**** THE RECORDS ****

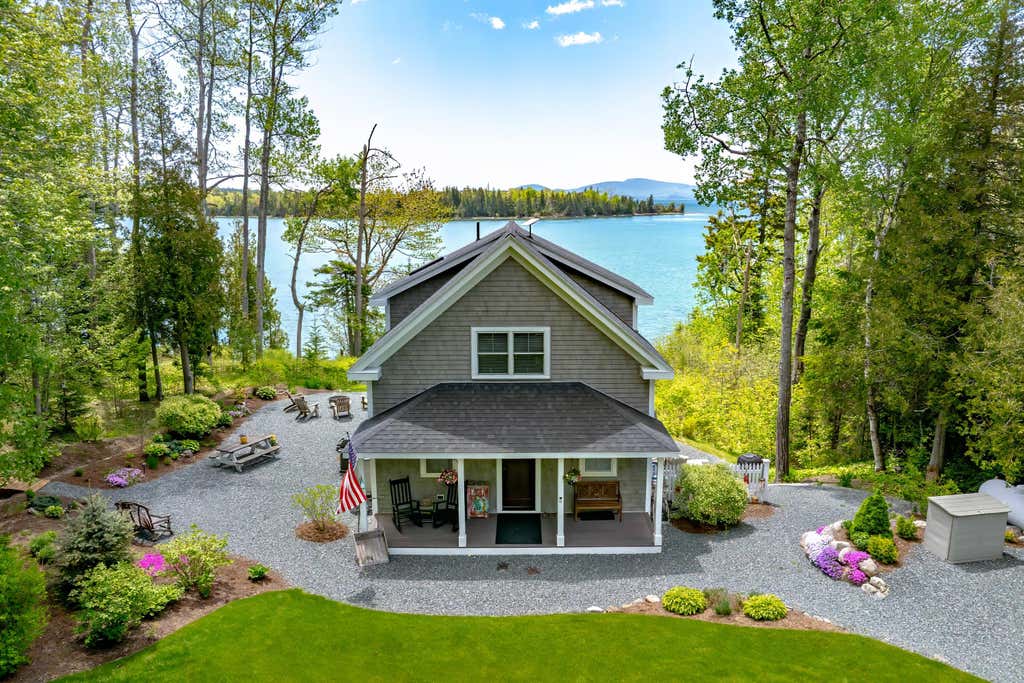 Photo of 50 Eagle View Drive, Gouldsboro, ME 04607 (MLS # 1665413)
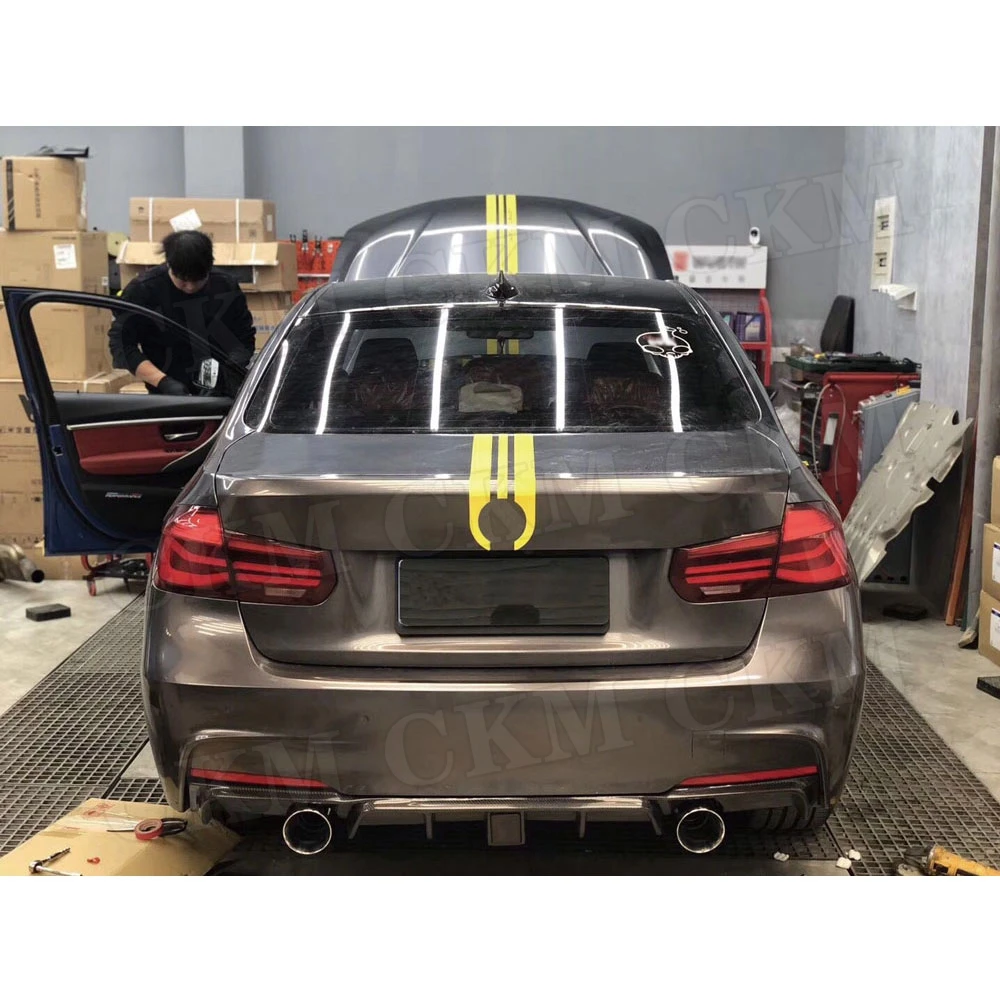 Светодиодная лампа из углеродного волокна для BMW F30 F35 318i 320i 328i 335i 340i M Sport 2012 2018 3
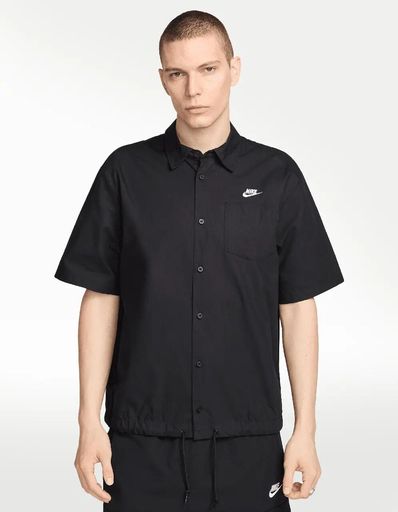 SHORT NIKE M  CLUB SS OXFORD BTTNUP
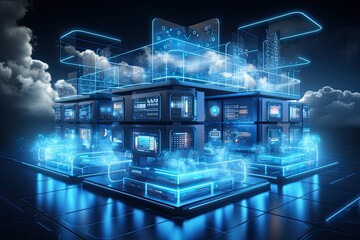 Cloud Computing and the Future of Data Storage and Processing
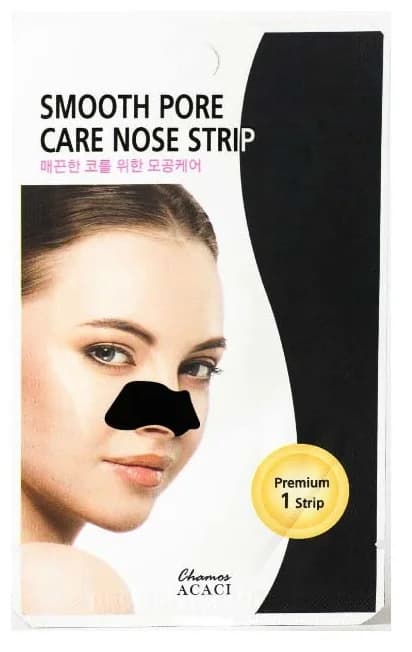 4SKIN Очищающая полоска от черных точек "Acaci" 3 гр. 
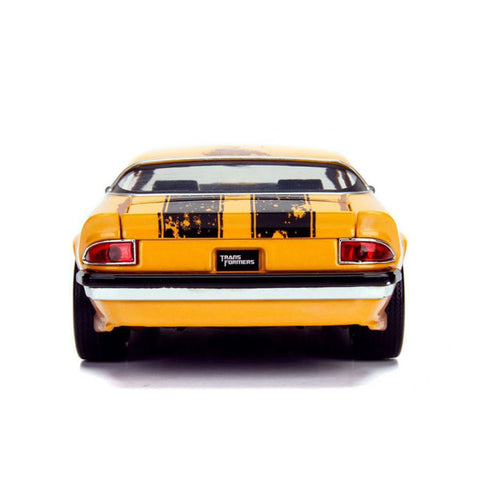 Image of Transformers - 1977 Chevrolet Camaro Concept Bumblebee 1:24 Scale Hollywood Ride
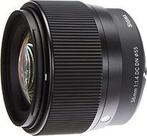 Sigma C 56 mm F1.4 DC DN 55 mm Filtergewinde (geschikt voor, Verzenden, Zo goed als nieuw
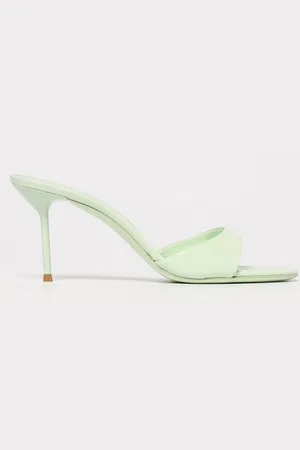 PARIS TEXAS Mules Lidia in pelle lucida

****

Only what runs from the line holding "Sigma C 56 mm" through the end of the entries above is to be given again, exactly, with every picture omitted.

- _TASK OUTPUT_
 Sigma C 56 mm F1.4 DC DN 55 mm Filtergewinde (geschikt voor, Verzenden, Zo goed als nieuw
 PARIS TEXAS Mules Lidia in pelle lucida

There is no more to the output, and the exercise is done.